SDK Usage for Spark Jobs
IOMETE's Python SDK provides a simple and convenient way to interact with our platform using Python code. With our SDK, you can easily integrate our platform's functionality into your Python projects and automate various tasks.
This document provides examples of how to use the iomete-sdk
Python module to interact with the IOMETE platform.
The examples demonstrate various operations such as creating, updating, and deleting jobs, as well as submitting job runs.
If you have any questions or feedback, please do not hesitate to reach out to our support team.
Installation
To follow these examples, make sure you have the following dependency installed:
pip install iomete-sdk
Prerequisites
Also, you should have a valid IOMETE API token and workspace ID. For this example, we are using environment variables to store these values.
In the Resources section below, you can find a link to the documentation on how to create an API token.
Workspace ID and Endpoint (for cURL examples) can be found in the Workspace Settings page of the IOMETE platform.
SDK Usage Examples
Initialization
First, import the required libraries and create a SparkJobApiClient
instance to interact with the Iomete platform:
import os
import uuid
from iomete_sdk import SparkJobApiClient
TEST_TOKEN = os.environ.get("TEST_TOKEN")
WORKSPACE_ID = "pceh7-816"
job_client = SparkJobApiClient(
workspace_id=WORKSPACE_ID,
api_key=TEST_TOKEN,
)
Creating a Job
Here's an example of how to create a new job:
- Python
- cURL
job_payload = {
"name": "test-job",
"template": {
"sparkVersion": "3.2.1",
"mainApplicationFile": "local:///opt/spark/examples/jars/spark-examples_2.12-3.2.1-iomete.jar",
"mainClass": "org.apache.spark.examples.SparkPi",
"arguments": \["10"]
}
}
job_create_response = job_client.create_job(payload=job_payload)
print(job_create_response)
curl --location --request POST 'https://control-plane.iomete.com/api/v1/workspaces/pceh7-816/jobs' \
--header 'Authorization: Bearer TEST_TOKEN' \
--header 'Content-Type: application/json' \
--data-raw '{
"name": "test-job",
"template": {
"sparkVersion": "3.2.1",
"mainApplicationFile": "local:///opt/spark/examples/jars/spark-examples_2.12-3.2.1-iomete.jar",
"mainClass": "org.apache.spark.examples.SparkPi",
"arguments": ["10"]
}
}'
This will create a new job with a name, a specific Spark version, main application file, main class, and arguments.
All our API's for spark job works with job_id
and job_name
. You can use either of them in the request URL to interact with the job.
For example, both
.../api/v1/workspaces/pceh7-816/jobs/{job_id}
and
.../api/v1/workspaces/pceh7-816/jobs/{job_name}
will work fine.

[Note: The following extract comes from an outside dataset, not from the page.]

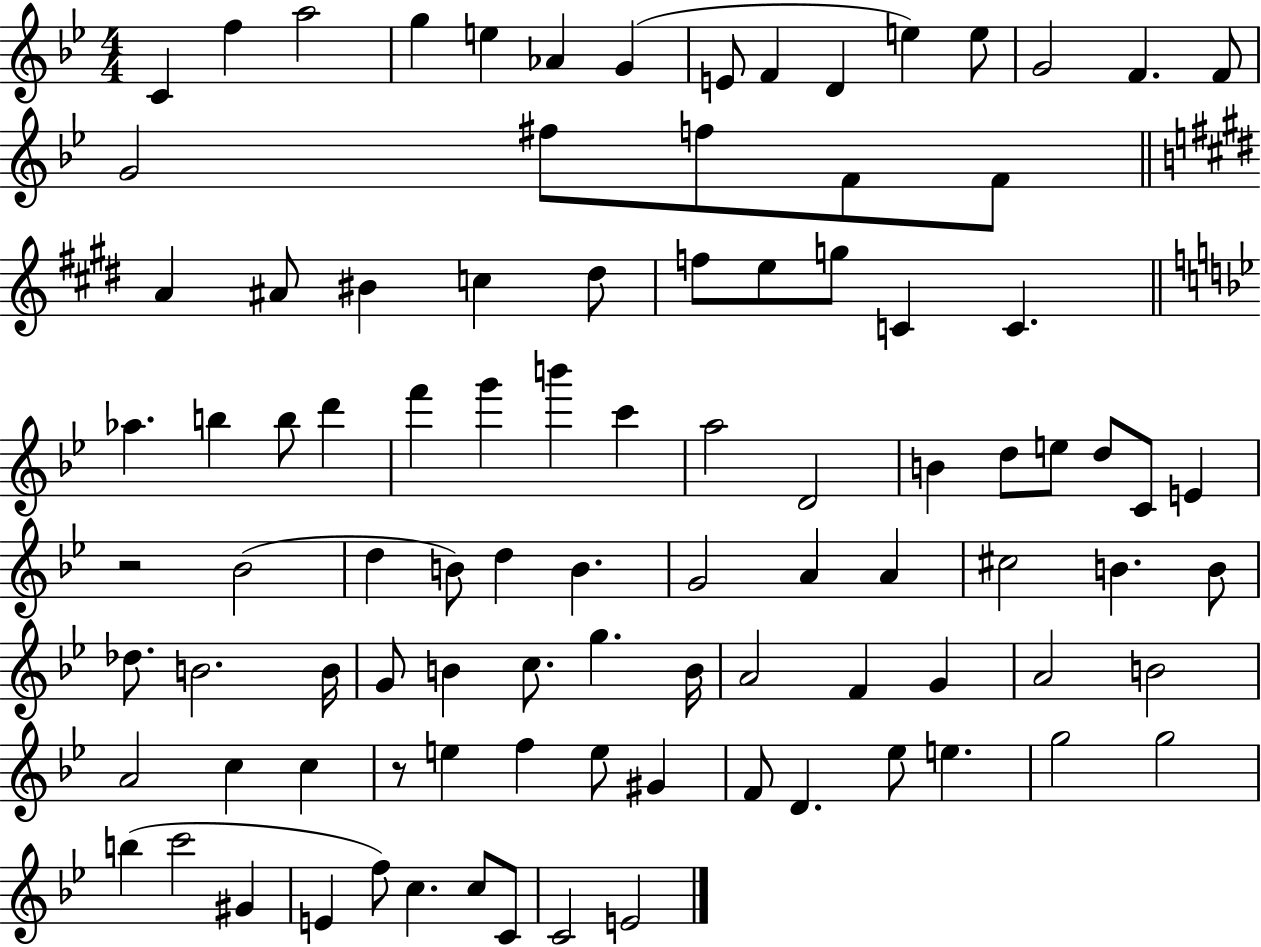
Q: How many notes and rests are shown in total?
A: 95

For simplicity we will use job_name = test-job
in the examples.
Updating a Job
To update a job, you can use the update_job
method. Here's an example of how to update a job to add a schedule:
- Python
- cURL
cron_schedule = "0 0 */1 * *"
update_payload = job_create_response.copy()
update_payload["schedule"] = cron_schedule
job_update_response = job_client.update_job(job_id=job_create_response["id"], payload=update_payload)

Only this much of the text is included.